Haim Epstein, who heads Bnei Torah’s electoral list for council, is also running as candidate for mayor.

Ultra-Orthodox Jewish men. (photo credit: Marc Israel Sellem)
Ultra-Orthodox Jewish men.
(photo credit: Marc Israel Sellem)
The haredi parties contesting the municipal elections in Jerusalem began their campaigns in earnest on Sunday, with competition set to be tighter than usual for the ultra-Orthodox vote.
United Torah Judaism, the mainstream national haredi party, published advertisements in the haredi daily newspapers for the first time on Sunday with the slogan “We need you for the 10th,” a play on a commonly heard request for someone to join a group of men as the 10th men of a prayer quorum.
UTJ has eight councillors on the 30-member Jerusalem City Council and the party is calling on the ultra-Orthodox public to help bump it up to 10.
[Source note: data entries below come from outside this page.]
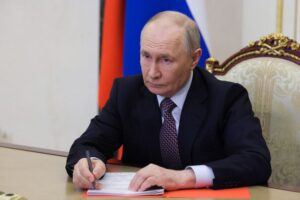 Read more about the article Putin says he thinks Russia-Ukraine war is coming to an end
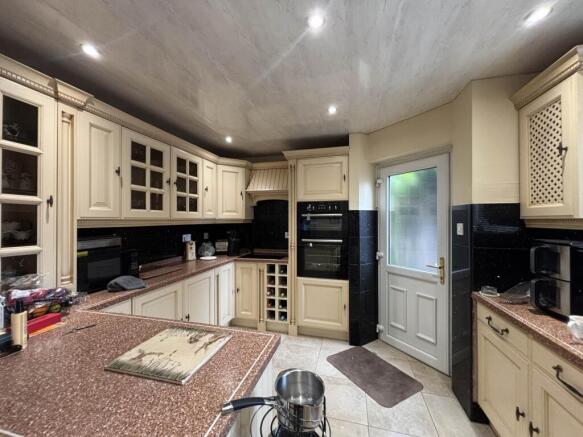 4 bed Detached for sale Image 10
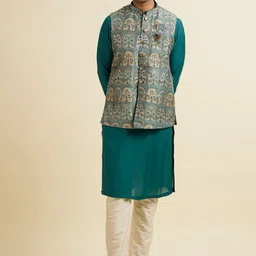 Manyavar Men Printed Regular Kurta and Pyjamas With Jacket-image-39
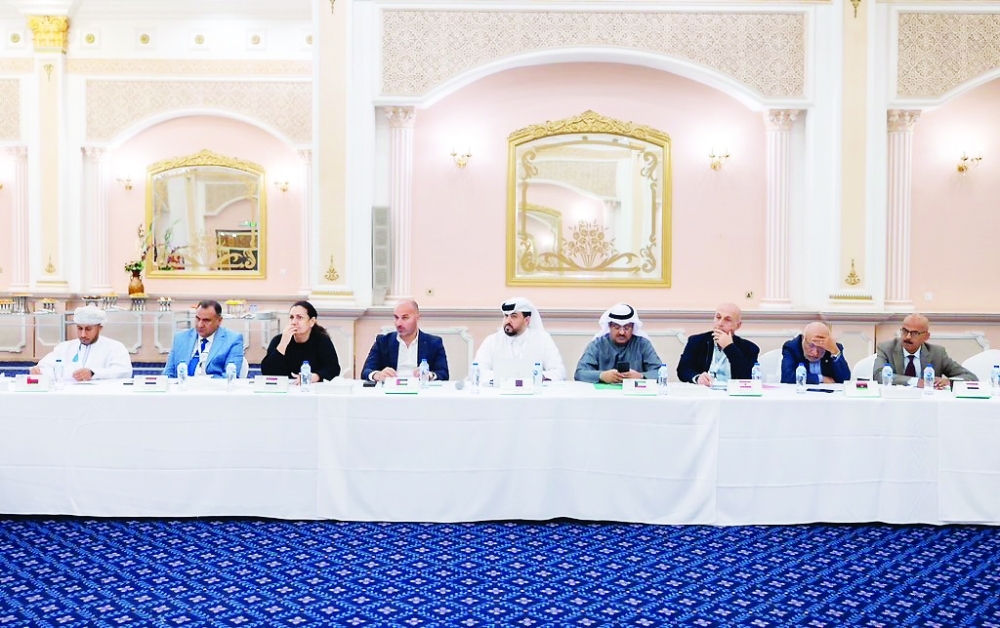 Khalid al Suleimani (L), represented Oman Racket Sports Committee in General Meeting of ABF.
“Eight UTJ representatives on the Jerusalem City Council are working for you with great dedication,” the ad reads. “But this time in order that they will not be able to ignore us, eight is not enough. UTJ needs no fewer than 10 representatives on the city council.”
For the first time however, UTJ faces challenges to its monopoly of the Ashkenazi ultra-Orthodox vote in Jerusalem, with two other haredi factions contesting the October 22 elections in the city.
Tov, a party which seeks to represent the sector of the haredi community which is more integrated into the workforce and Israeli society, says that UTJ has not represented the real needs of haredim in Jerusalem and that the concerns of haredi men and women who work, need access to higher education and want better quality of life has have not been addressed.
Tov hopes to gain two or three seats on the municipal council, and is also running in several other cities with large haredi populations.
On the other side of the haredi spectrum is a new party called Bnei Torah, a breakaway from the national UTJ party brought about as a consequence of the bitter split in the non-hassidic Askenazi haredi community following the death of Rabbi Yosef Shalom Elyashiv in July 2012 and the subsequent leadership struggle.
Bnei Torah is led by the former close associates of the Elyashiv who claim that Rabbi Shmuel Auerbach, 82 and a resident of Jerusalem’s Sha’arei Hessed neighborhood, was the rightful successor to the leadership of the non-hassidic community.
Rabbi Aharon Leib Shteinman, 99 and a resident of Bnei Brak, was the eventual successor to the leadership of the mainstream non-hassidic Ashkenazi haredi community.
Yishaiyahu Wein, a senior figure in Bnei Torah, said the party was formed because UTJ had studiously ignored the concerns and opinions of Auerbach and his loyalists.
“We find it strange that, as opposed to most other parties who want to reach out to the largest possible constituency, UTJ has simply tried to ignore us,” Wein told The Jerusalem Post.
“Rabbi Auerbach is the most important rabbinic figure in Jerusalem... but they didn’t consult us whatsoever in the run up to the elections and they created an electoral list without speaking to us. They don’t pay any attention to our issues and they don’t seem to want to represent us,” he continued.
Auerbach and his followers have taken an even harder line against recent political developments, such as haredi enlistment in the army, than their counterparts in UTJ.
Wein would not be drawn on the party’s chances in the elections for the council.
Haim Epstein, who is heading Bnei Torah’s electoral list for the council, is also running as a candidate for mayor.
Bnei Torah has also begun its advertising campaign for the elections, placing an ad on the front page of Friday’s edition of the Hapeles daily newspaper, the party’s mouthpiece.
The party pointedly used a picture of the late Rabbi Elazar Menachem Shach in its ad, due to its claim that Auerbach and Bnei Torah are the true followers of his path.
Shach was the charismatic founder of Degel Hatorah, a non-hassidic haredi party, as a political alternative to the hassidic Agudat Yisrael party for the “Lithuanian” non-hassidic community.
UTJ runs as a joint national list of Degel and Agudah in general elections, but the two parties are running separate lists in some cities, although not in Jerusalem.
Bnei Torah’s ad also featured a picture of Elyashiv, once again underlining its claim that is the true inheritor of the original Degel Hatorah path.
“Faithful to the source, because we are Bnei Torah [‘the children of the Torah’],” the party’s slogan reads.